Bases: TransformerMixin, BaseEstimator

The RepeatingBasisFunction transformer is designed to be used when the input data has a circular nature.

For example, for days of the week you might face the problem that, conceptually, day 7 is as close to day 6 as it is to day 1. While numerically their distance is different.

This transformer remedies that problem. The transformer selects a column and transforms it with a given number of repeating (radial) basis functions.
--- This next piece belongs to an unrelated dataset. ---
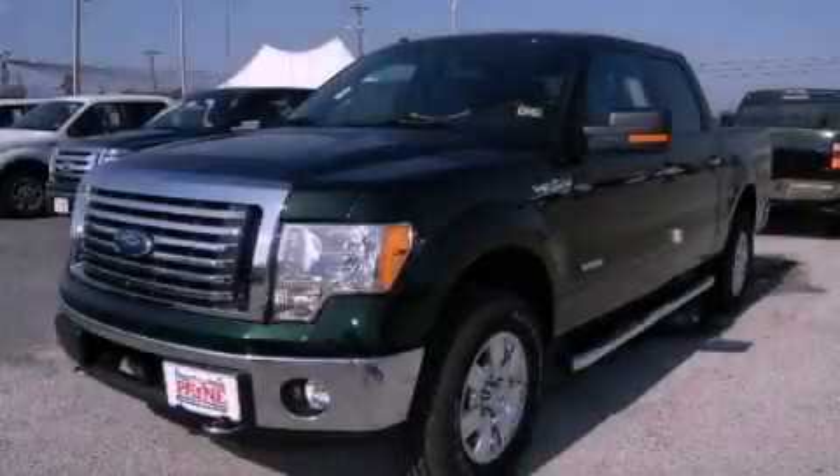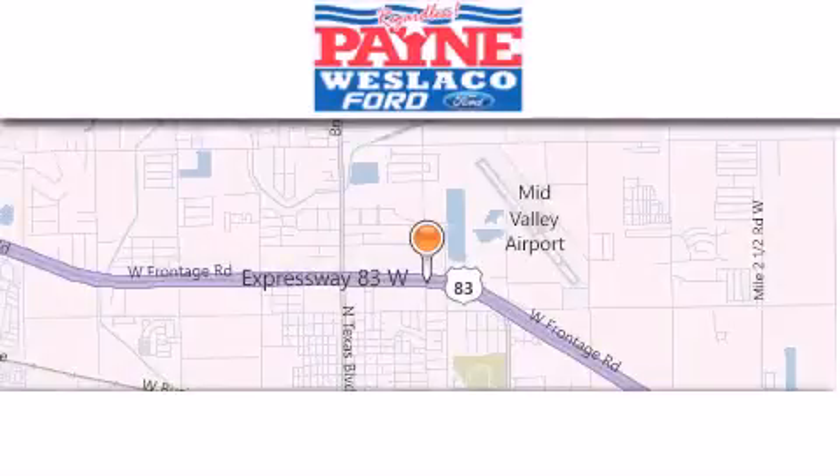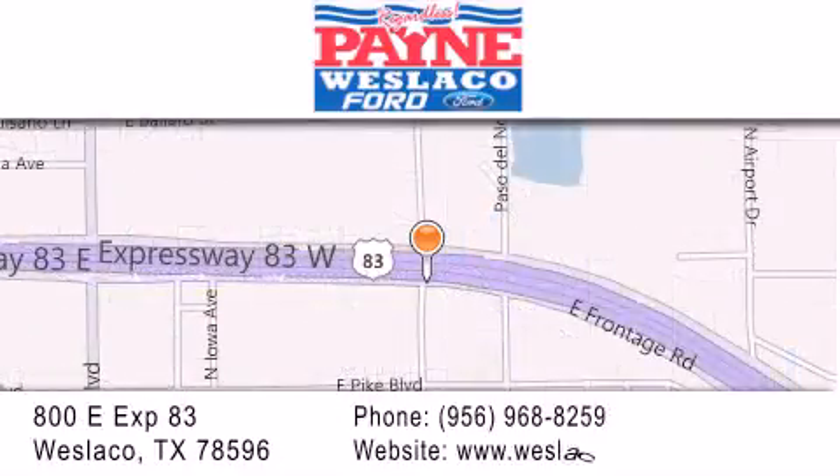Contact us today to arrange your test drive. Thank you for considering Payne Weslaco Ford for your next luxury vehicle. If you have any questions, please visit our website, give us a call, or stop by our dealership at 800 East Expressway 83 in Weslaco.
Radial basis functions are bell-curve shaped functions which take the original data as input. The basis functions are equally spaced over the input range. The key feature of repeating basis functions is that they are continuous when moving from the max to the min of the input range. As a result these repeating basis functions can capture how close each datapoint is to the center of each repeating basis function, even when the input data has a circular nature.

Parameters:

Name	Type	Description	Default
`column`	`int \| str`	Index or column name of the data to transform. Integers are interpreted as positional columns, while strings can reference DataFrame columns by name.	`0`
`remainder`	`Literal[drop, passthrough]`	By default, only the specified column is transformed, and the non-specified columns are dropped. By specifying `remainder="passthrough"`, all remaining columns will be automatically passed through. This subset of columns is concatenated with the output of the transformer.	`"drop"`
`n_periods`	`int`	Number of basis functions to create, i.e., the number of columns that will exit the transformer.	`12`
`input_range`	`Tuple[float, float] \| List[float] \| None`	The values at which the data repeats itself. For example, for days of the week this is (1,7). If `input_range=None` it is inferred from the training data.	`None`
`width`	`float`	Determines the width of the radial basis functions.	`1.0.`

Attributes:

Name	Type	Description
`pipeline_`	`ColumnTransformer`	Fitted `ColumnTransformer` object used to transform data with repeating basis functions.

Examples:

import pandas as pd
from sklego.preprocessing import RepeatingBasisFunction

df = pd.DataFrame({
    "user_id": [101, 102, 103],
    "created_day": [5, 1, 7]
})
RepeatingBasisFunction(column="created_day", input_range=(1,7)).fit_transform(df)
# array([[0.06217652, 0.00432024, 0.16901332, 0.89483932, 0.64118039],
#        [1.        , 0.36787944, 0.01831564, 0.01831564, 0.36787944],
#        [1.        , 0.36787944, 0.01831564, 0.01831564, 0.36787944]])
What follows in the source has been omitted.